Three-dimensional multiscale discrete Radon and John transforms
José Marichal-Hernández, Óscar Gómez-Cárdenes, Fernando Rosa, Do Hyung Kim, José M. Rodríguez-Ramos
TL;DR
The paper introduces two forward transforms for discrete 3D data: a multiscale discrete Radon transform (DRT) of planes and a multiscale discrete John transform (DJT) of lines, both operating with integer arithmetic and no interpolation. Each transform employs a recursive, dyadic subdivision (dyadic cubes for planes, dodecant-like partitions for lines) that yields linearithmic complexity and fast, exact adjoint-based inverses suitable for iterative refinement. The authors provide detailed mapping equations, output shapes, and implementation strategies, including a Halide-based, architecture-agnostic pipeline and a comprehensive comparison to Fourier-based Radon methods. They demonstrate practical applicability through a depth-map/scene-scanning example and discuss inversion stability, convergence via multigrid schemes, and potential for real-time processing on standard hardware. The results indicate substantial speed advantages for forward paths and integers-only computation, with implications for tomography, computational photography, and acoustic localization.
Abstract
Two algorithms are introduced for the computation of discrete integral transforms with a multiscale approach operating in discrete three-dimensional (3D) volumes while considering its real-time implementation.
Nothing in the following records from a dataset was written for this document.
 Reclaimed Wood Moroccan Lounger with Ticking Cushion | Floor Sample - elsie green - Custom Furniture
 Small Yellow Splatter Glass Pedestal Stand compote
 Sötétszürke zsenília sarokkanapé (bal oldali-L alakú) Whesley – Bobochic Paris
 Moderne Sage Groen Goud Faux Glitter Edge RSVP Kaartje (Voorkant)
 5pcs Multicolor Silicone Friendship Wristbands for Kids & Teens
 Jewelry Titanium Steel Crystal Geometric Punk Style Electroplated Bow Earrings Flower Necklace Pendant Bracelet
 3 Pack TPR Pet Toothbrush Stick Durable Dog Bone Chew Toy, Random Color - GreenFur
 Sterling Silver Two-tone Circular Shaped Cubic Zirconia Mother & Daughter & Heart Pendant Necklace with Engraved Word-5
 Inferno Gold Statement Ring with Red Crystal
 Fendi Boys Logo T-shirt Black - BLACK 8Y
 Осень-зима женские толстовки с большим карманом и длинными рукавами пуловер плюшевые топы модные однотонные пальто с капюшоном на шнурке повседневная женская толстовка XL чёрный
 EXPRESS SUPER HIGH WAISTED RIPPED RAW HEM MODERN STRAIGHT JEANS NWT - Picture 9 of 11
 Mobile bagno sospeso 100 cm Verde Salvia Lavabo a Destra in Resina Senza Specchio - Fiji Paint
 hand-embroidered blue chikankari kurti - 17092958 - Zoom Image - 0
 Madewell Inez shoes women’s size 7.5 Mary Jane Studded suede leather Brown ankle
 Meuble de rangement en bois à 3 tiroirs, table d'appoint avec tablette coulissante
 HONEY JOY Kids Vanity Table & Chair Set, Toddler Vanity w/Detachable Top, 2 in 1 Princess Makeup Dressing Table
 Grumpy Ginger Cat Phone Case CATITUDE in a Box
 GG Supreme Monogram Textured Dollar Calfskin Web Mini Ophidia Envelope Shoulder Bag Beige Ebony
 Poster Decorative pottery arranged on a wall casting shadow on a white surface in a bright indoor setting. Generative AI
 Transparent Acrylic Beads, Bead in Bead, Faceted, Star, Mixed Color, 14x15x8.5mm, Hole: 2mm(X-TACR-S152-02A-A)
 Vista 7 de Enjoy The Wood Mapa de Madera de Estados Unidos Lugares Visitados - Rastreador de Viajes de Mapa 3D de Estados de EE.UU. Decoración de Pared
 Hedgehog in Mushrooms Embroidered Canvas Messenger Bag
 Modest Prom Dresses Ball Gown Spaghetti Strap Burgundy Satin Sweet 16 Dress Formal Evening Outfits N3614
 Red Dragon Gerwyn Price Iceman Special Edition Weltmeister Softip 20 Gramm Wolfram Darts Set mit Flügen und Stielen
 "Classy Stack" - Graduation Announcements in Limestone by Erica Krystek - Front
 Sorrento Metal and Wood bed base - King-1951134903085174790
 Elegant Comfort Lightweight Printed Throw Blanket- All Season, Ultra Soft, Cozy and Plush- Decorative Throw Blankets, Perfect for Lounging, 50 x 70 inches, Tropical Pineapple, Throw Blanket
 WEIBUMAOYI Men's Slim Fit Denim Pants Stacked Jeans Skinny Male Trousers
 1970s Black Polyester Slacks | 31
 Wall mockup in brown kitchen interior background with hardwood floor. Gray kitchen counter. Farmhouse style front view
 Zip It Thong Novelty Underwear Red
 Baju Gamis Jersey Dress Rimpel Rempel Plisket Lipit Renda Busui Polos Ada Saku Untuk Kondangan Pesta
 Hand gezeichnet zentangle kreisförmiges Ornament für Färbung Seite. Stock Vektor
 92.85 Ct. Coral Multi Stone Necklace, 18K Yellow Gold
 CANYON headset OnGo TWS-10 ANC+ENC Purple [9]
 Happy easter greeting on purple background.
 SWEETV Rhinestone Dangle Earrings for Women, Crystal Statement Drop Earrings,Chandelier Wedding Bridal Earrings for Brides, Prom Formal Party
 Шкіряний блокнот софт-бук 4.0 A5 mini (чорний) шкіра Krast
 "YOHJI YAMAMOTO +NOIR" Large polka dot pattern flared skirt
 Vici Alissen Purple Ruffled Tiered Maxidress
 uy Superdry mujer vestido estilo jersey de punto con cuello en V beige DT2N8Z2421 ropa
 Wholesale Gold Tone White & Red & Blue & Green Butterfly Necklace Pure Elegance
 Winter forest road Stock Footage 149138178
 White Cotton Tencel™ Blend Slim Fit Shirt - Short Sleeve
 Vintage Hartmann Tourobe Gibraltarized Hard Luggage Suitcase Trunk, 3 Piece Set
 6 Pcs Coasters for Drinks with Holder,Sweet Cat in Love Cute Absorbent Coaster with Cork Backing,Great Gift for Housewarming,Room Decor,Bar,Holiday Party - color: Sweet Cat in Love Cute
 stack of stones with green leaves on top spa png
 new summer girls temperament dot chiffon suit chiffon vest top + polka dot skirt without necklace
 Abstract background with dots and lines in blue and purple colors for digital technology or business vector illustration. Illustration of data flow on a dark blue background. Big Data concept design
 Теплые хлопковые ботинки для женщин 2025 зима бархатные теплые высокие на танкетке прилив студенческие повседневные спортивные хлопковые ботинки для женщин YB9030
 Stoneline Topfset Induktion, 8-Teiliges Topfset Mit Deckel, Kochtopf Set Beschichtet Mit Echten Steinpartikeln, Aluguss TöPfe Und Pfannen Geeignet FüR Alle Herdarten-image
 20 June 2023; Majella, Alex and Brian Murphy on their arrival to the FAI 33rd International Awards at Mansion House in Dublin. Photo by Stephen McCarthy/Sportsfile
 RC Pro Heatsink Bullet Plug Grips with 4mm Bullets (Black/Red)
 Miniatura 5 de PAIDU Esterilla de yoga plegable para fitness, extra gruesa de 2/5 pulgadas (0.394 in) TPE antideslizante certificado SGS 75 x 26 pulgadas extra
The first algorithm, referred to as 3D discrete Radon transform (DRT) of planes, will compute the summation set of values lying in discrete planes in a cube that imitates, in discrete data, the integrals on two-dimensional planes in a 3D volume similar to the continuous Radon transform. The normals of these planes, equispaced in ascents, cover a quadrilateralized hemisphere and comprise 12 dodecants. The second proposed algorithm, referred to as the 3D discrete John transform (DJT) of lines, will sum elements lying on discrete 3D lines while imitating the behavior of the John or X-ray continuous transform on 3D volumes. These discrete integral transforms do not perform interpolation on input or intermediate data, and they can be computed using only integer arithmetics with linearithmic complexity; thus, outperforming the methods based on the Fourier slice-projection theorem for real-time applications. We briefly prove that these transforms have fast inversion algorithms that are exact for discrete inputs.